I've been having trouble building things with Bazel lately. The issue manifests itself with Bazel appearing to be stuck (with no CPU load) at essentially random build steps (including the loading and analysis phase). This happens both when I attempt to build targets from my own repository, as well as in the bootstrap step in the Bazel installation; I've also tried with releases 0.1.0 and 0.1.2 with no success this far.

For example, when running ./compile.sh from HEAD just now I get stuck with the following (aborted after several minutes without any progress):

[mnett@singularity ~/Development/bazel] (master) Sat Jan 02 22:40:25 $ ./compile.sh                                                                                    
INFO: You can skip this first step by providing a path to the bazel binary as second argument:                                                                         
INFO:    ./compile.sh build /path/to/bazel                                                                                                                             
🍃  Building Bazel from scratch............                                                                                                                             
🍃  Building Bazel with Bazel.                                                                                                                                          
.Extracting Bazel installation...                                                                                                                                      
Sending SIGTERM to previous Bazel server (pid=26879)... done.                                                                                                          
.......                                                                                                                                                                
INFO: Found 1 target...                                                                                                                                                
[2 / 45] Writing file src/main/java/com/google/devtools/build/lib/libbazel-main.jar-2.params

If I interpret the output of strace (see below), this seems to be a deadlock.

[mnett@singularity ~] Sat Jan 02 22:40:58 $ sudo strace -p 26879
[sudo] password for mnett: 
Process 26879 attached
futex(0x7f059b3319d0, FUTEX_WAIT, 26880, NULL) = ? ERESTARTSYS (To be restarted if SA_RESTART is set)
--- SIGTERM {si_signo=SIGTERM, si_code=SI_USER, si_pid=30672, si_uid=1000} ---
futex(0x7f059a5028c0, FUTEX_WAKE_PRIVATE, 1) = 1
rt_sigreturn()                          = 202
futex(0x7f059b3319d0, FUTEX_WAIT, 26880, NULL <unfinished ...>
+++ exited with 143 +++
[mnett@singularity ~] Sat Jan 02 22:45:38 $ sudo strace -p 30715
Process 30715 attached
futex(0x7f50b497b9d0, FUTEX_WAIT, 30716, NULL

The step at which the deadlock happens seems arbitrary and repeatedly running a build command eventually succeeds.
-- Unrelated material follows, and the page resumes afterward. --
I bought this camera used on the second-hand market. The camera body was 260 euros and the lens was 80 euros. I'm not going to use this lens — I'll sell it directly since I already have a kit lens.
Anyway, I didn't find any issues that seem to be related to this, and at this point I'm unsure of how to further debug the problem.
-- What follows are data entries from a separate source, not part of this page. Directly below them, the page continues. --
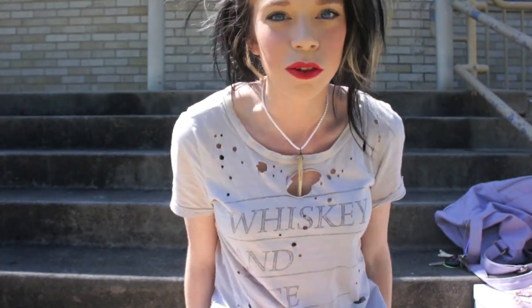Hey everybody, it's Bunny - Vinny, whatever that name may be - and Bernie. Today I decided to film outside, which I think is my first outdoor shoe unboxing video. I just felt like a loner, a rebel, so I decided to film outside.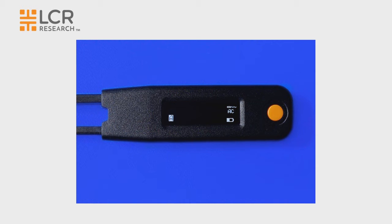Testing frequency can also be selected by double clicking the navigation button. It can be selected from AF, which means auto frequency, or 100 hertz, or 1 kilohertz, or 10 kilohertz, and then back to auto frequency.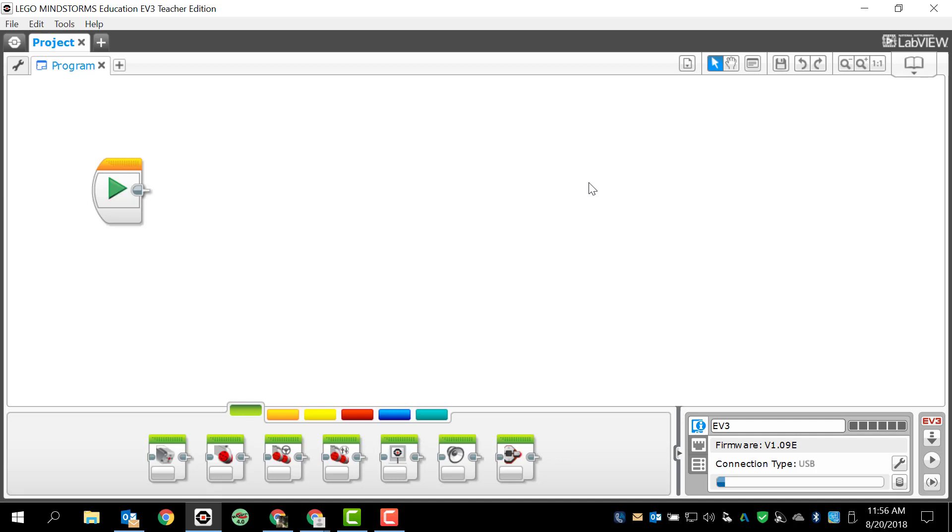Hey guys, this is Mr. Zare here at Landrum Middle School. Today we're going to take a look at programming the medium motor for the LEGO Mindstorms EV3 robot. Before we do anything though, I just want to remind you: make sure you're always using your brain. Make sure you think things through — it makes life a whole lot easier if you do that.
Do you have any suggestions?

@mnett
Copy link
Author

mnett commented Jan 3, 2016

Quick update on the situation: After cold starting Bazel multiple times (due to rebooting the OS) it seems the problem has disappeared entirely. However, let me leave the bug open for now.

@janakdr
Copy link
Contributor

janakdr commented Jan 4, 2016

Hit ctrl-\ while bazel is "stuck" and you'll get a thread dump.
Posting that here may help us diagnose the problem. I'll update the
user manual to mention this feature.

On Jan 3, 2016 4:52 AM, "Michael Nett" notifications@github.com wrote:

Quick update on the situation: After cold starting Bazel multiple times (due to rebooting the OS) it seems the problem has disappeared entirely. However, let me leave the bug open for now.
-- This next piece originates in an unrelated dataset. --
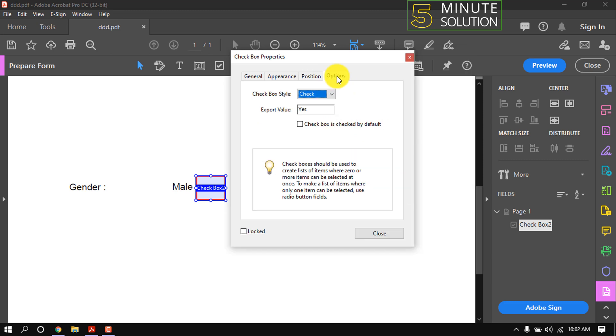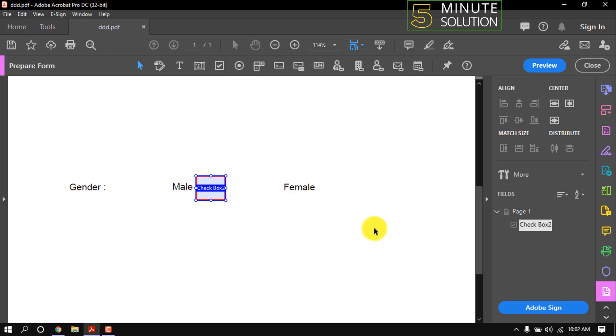Click on Options. We can change the box style from this list. You can make the export value as you like, but now I'm gonna put it as 'Yes'. Then close and preview.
Reply to this email directly or view it on GitHub.

@mnett
Copy link
Author

mnett commented Jan 5, 2016

Thanks Janak, that's really helpful. Since the problem has gone away, shall we mark this as not reproducible for the time being?

@philwo
Copy link
Member

philwo commented Jan 5, 2016

@janakdr Could you please close this bug once the documentation has been updated?
@mnett Sounds good - please reopen if you reproduce it again in the future!

janakdr added a commit that referenced this issue Jan 7, 2016
…file, to aid in diagnosing issue #748.

--
MOS_MIGRATED_REVID=111360258
@janakdr janakdr closed this as completed in 6e24a37 Jan 7, 2016
@mnett
Copy link
Author

mnett commented Jan 17, 2016

Hi,

the problem cropped up again and this time I got a the thread dump after getting stuck mid-analysis

INFO: Loading complete.  Analyzing...
^\
Sending SIGQUIT to JVM process 3802 (see /home/mnett/.cache/bazel/_bazel_mnett/630833098f940540d7dc43bb06a2df6a/server/jvm.out).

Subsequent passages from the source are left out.